WORK REQUEST: Output all of the data exactly as it appears, but leave out any pictures it contains.

◆ ◆ ◆

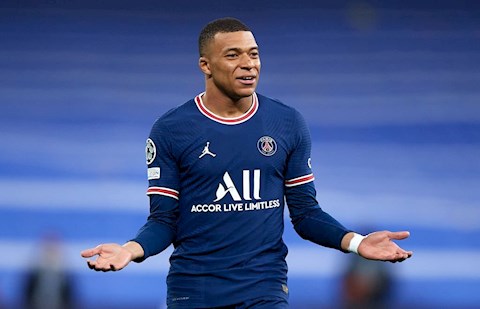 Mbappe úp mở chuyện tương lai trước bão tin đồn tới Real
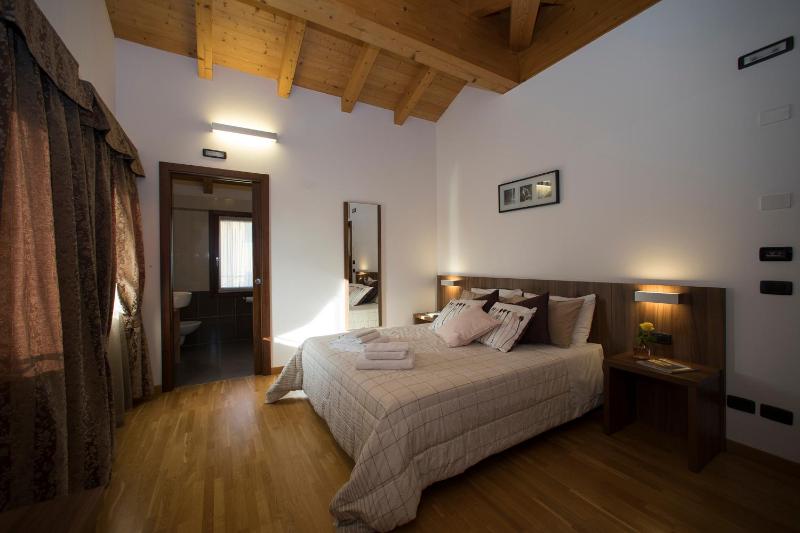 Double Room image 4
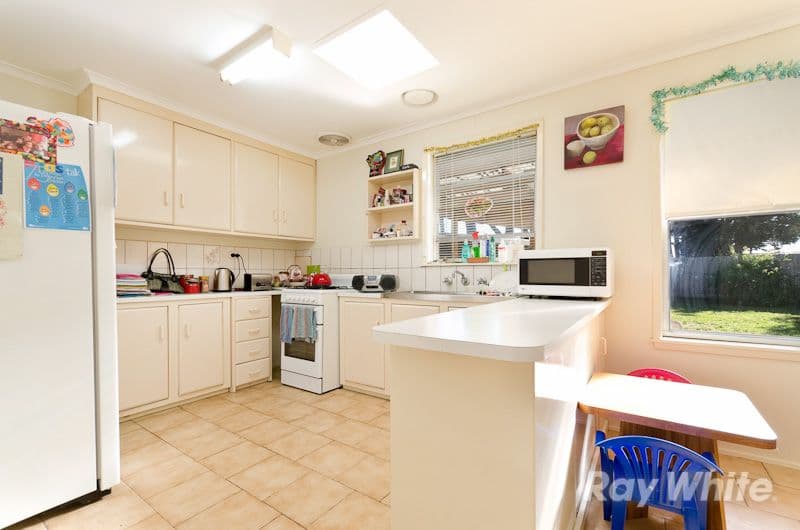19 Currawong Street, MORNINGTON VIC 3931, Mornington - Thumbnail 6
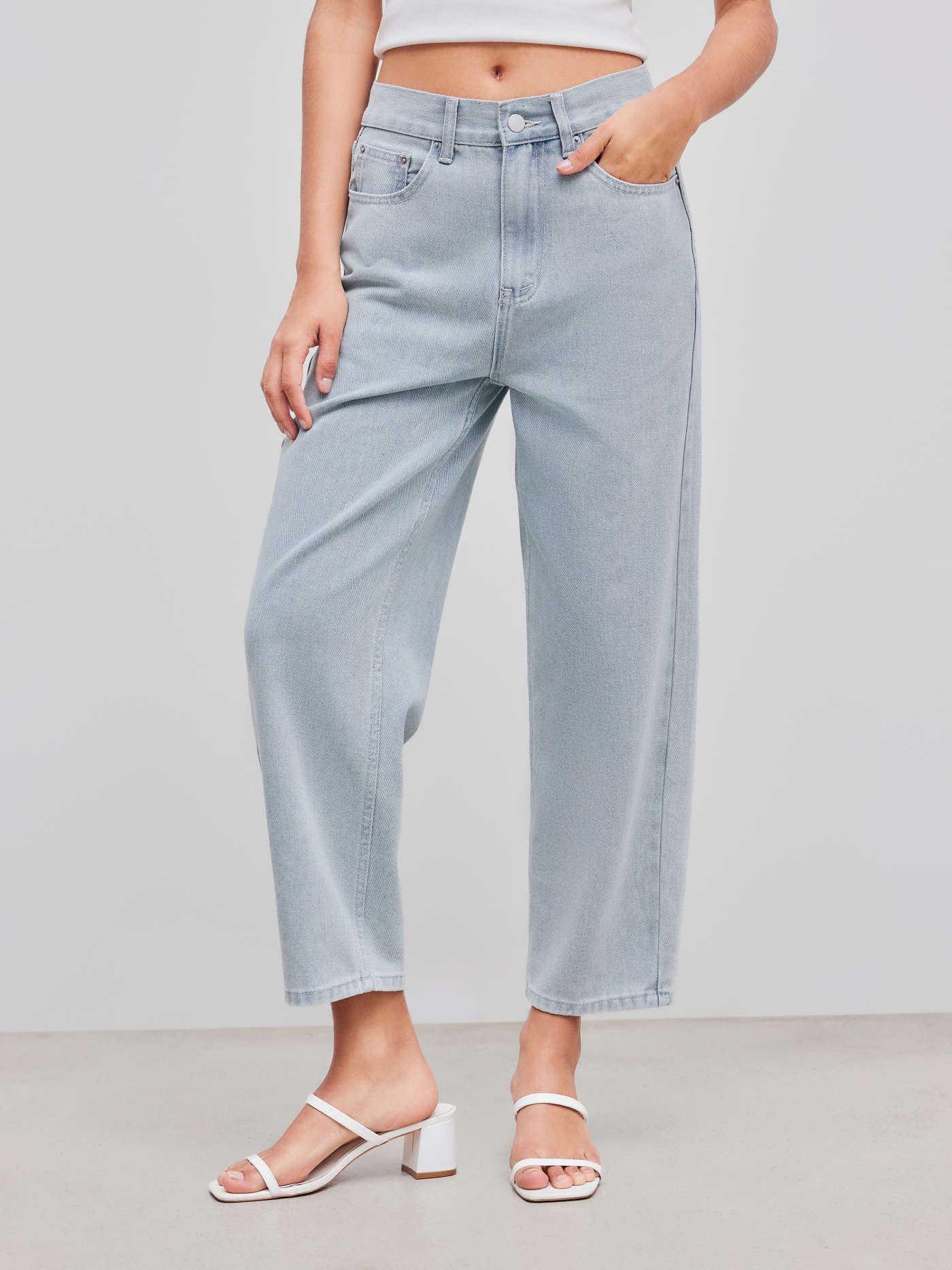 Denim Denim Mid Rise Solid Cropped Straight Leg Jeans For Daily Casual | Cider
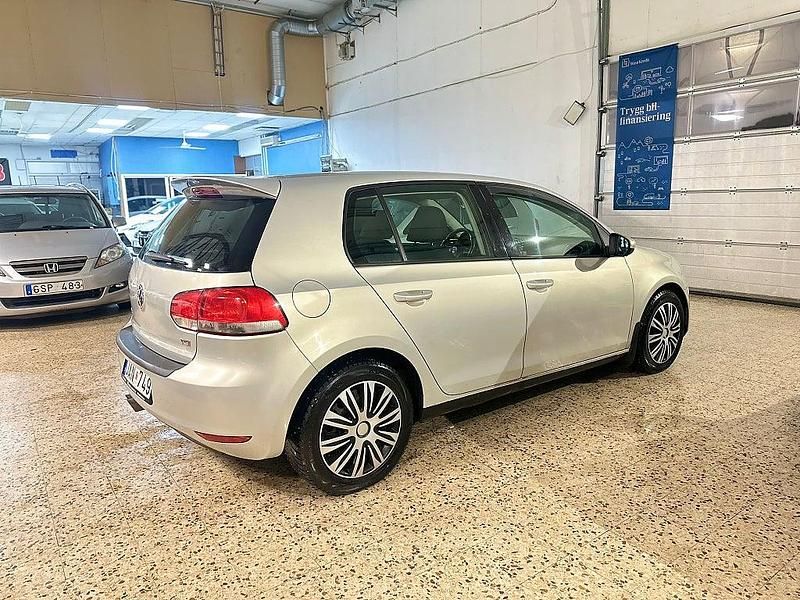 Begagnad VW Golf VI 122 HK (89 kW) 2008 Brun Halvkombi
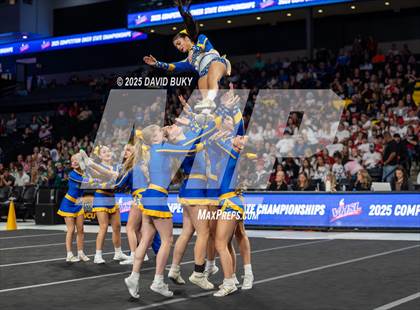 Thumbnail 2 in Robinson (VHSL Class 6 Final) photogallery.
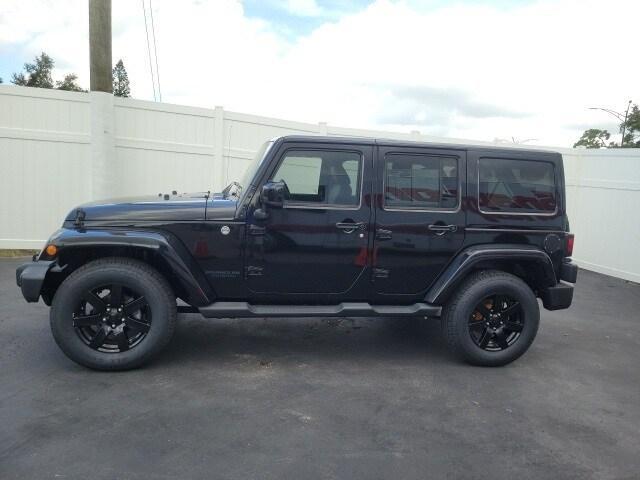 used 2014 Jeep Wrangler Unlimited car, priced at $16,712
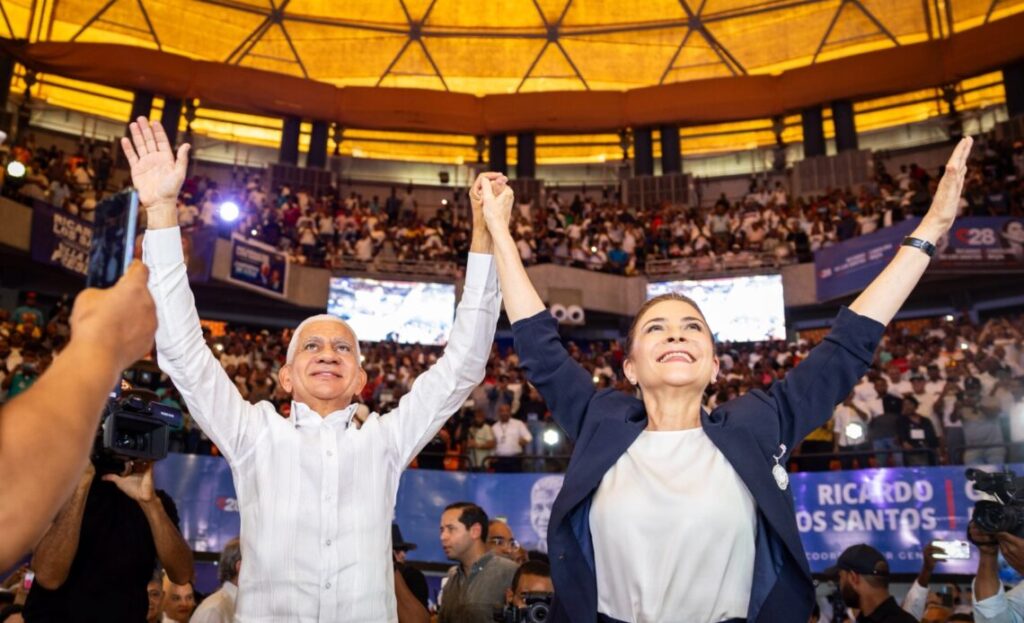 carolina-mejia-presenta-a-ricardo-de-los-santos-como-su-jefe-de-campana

◆ ◆ ◆

REPLY TO THE TASK:
 Mbappe úp mở chuyện tương lai trước bão tin đồn tới Real
 Double Room image 4
19 Currawong Street, MORNINGTON VIC 3931, Mornington - Thumbnail 6
 Denim Denim Mid Rise Solid Cropped Straight Leg Jeans For Daily Casual | Cider
 Begagnad VW Golf VI 122 HK (89 kW) 2008 Brun Halvkombi
 Thumbnail 2 in Robinson (VHSL Class 6 Final) photogallery.
 used 2014 Jeep Wrangler Unlimited car, priced at $16,712
 carolina-mejia-presenta-a-ricardo-de-los-santos-como-su-jefe-de-campana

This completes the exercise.